Marco to all the Ponderers
many thanks to David Lind, Platt Holden, Elephant, ThracianBard, Jon for
this thread. It's IMO a good "lateral drift" from the usual path. As
everything pops out from a sentence I offered, I need to jump in.
Firstly, for those who will have a bit of patience, I try to translate
some excerpts from an (IMO) interesting paper I've found on an Italian
magazine. The title is "Antithesis vs. Paradoxes".
***********
<<Angela Locatelli, in "Eloquence and Enchantments", a collection of
essays about Shakespeare's tragedies writes: "Tragedy is to believe you
are immortal, and then to discover you are not.... this makes tragedy
the place where every knowledge is manifestly illusory and ineffective.

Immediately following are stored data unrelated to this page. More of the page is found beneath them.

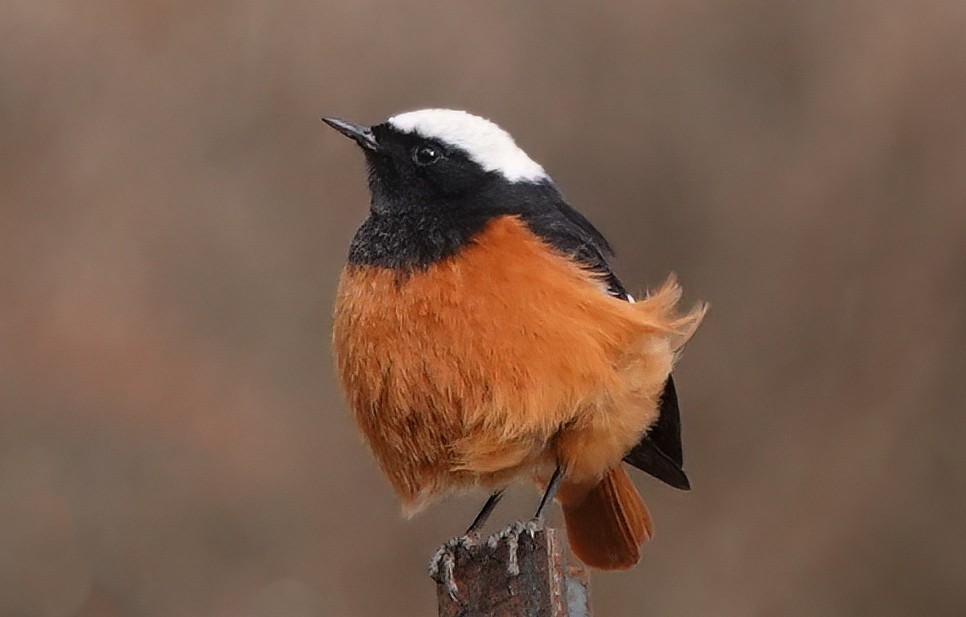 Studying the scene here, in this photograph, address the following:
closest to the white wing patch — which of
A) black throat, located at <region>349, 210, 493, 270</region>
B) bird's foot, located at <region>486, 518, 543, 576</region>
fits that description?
black throat, located at <region>349, 210, 493, 270</region>

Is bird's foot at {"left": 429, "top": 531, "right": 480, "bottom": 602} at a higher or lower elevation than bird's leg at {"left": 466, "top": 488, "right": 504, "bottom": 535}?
lower

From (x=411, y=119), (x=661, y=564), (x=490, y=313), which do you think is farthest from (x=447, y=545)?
(x=661, y=564)

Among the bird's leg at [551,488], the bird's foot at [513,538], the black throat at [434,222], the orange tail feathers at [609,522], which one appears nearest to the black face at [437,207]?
the black throat at [434,222]

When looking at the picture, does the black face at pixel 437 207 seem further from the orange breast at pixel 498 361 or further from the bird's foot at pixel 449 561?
the bird's foot at pixel 449 561

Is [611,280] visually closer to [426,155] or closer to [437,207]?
[437,207]

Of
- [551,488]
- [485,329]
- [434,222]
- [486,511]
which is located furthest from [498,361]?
[486,511]

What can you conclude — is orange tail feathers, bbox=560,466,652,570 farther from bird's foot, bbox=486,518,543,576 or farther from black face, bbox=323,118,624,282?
bird's foot, bbox=486,518,543,576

In addition, when facts contradict our own knowledge, the result
is not only an emotional delusion; not only the loss of our cognitive
illusions; also, more deeply, the denial of any possibility to
establish a durable knowledge". >>
Then the paper goes on with a deep analysis of a tragedy, Timon of
Athens, comparing it with other Shakespeare's tragedies.
<< Timon is a rich Athenian who loves to share his own richness with the
other citizens. As he does not listen to the suggestions of the
philosopher Apemantus [..], he rapidly spends all his fortune; but when
he tries to ask for the help of those citizens he formerly benefited,
they all oppose their denial. So he invites all the "friends" to a last
banquet where he just offers hot water and insults. [...] Then he
retires to live in a cave, where he discovers a treasure. He pays
Alcibiades (a soldier ostracized by the Athenians) to organize a siege
of the city. When the Athenians ask for the help of Timon, he answer
with a tree with which they all could hang, to free themselves from
their pains.>>
In the end, Alcibiades will read an epitaph on the tomb of Timon, but,
as the tragedy is clearly unfinished, we don't know if he committed
suicide or he simply is dead alone. Anyway, the thesis of the
paper is that Timon has been victim of a wrong vision of reality.
Firstly, all friends; then, all enemies.
<<What is the cause for Timon's failure? The answer resides in his lack
of imagination: he has been victim of a Manichean vision of reality.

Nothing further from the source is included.